This tutorial was performed in a server with the OS Ubuntu 18.04.5 LTS and 20 cores and ~120 Gb RAM. Generally many of the commands used can be reproduced in any Linux distribution or even UNIX OS. You will start this tutorial by downloading the metaNanoPype GitHub repository and installing the conda recipe to create the conda environment with all the dependencies using miniconda3.


0) Create the directory structure to reproduce the tutorial and scripts:

Change into the directory where you want to reproduce the tutorial and create the directory structure:

    mkdir bin scripts data results report

Download metaNanoPype scripts:

    cd bin 

    git clone https://github.com/antonioggsousa/metaNanoPype.git 

Next, add the metaNanoPype bin folder to your PATH:

    export PATH="$PWD/metaNanoPype/bin:$PATH"

Ultimately, install all the softwares and dependencies necessary to work with metaNanoPype and run this tutorial using miniconda3 (please install miniconda3 first if you don’t have it already installed - see instructions):

    conda activate # activate conda

    conda env create -f ./metaNanoPype/environment.yaml # create conda env with all soft/dependencies

    conda activate metaNanoPype # activate new conda env



1) Download the full-length 16S rRNA amplicon fastq files:

The fastq files were deposited in ENA (European Nucleotide Archive) under the project accession number: PRJEB37709.

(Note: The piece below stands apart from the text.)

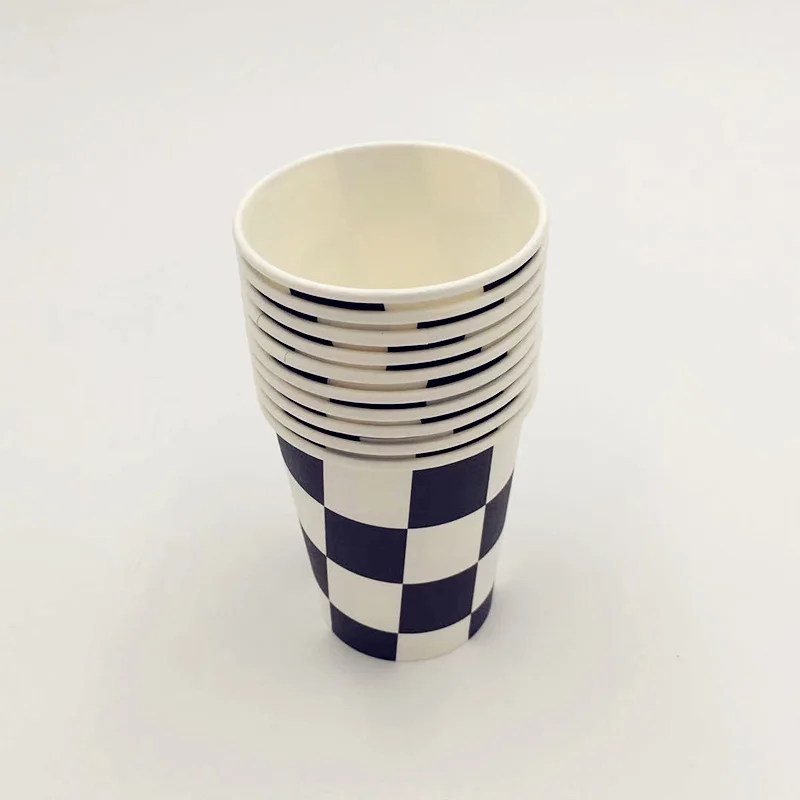 10pcs Black And White Lattice Theme Paper Cups Grid Disposable For Birthday Event Wedding Party Decoration | Дом и сад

The files can be downloaded from several ways. A convenient way is by using the ENA toolkit enaBrowserTools, such as: enaGroupGet command. Download them from github and download the data (follow the steps below).

    git clone https://github.com/enasequence/enaBrowserTools.git

Next, add the enaBrowserTools python3 folder to your PATH:

    export PATH="$PWD/enaBrowserTools/python3:$PATH"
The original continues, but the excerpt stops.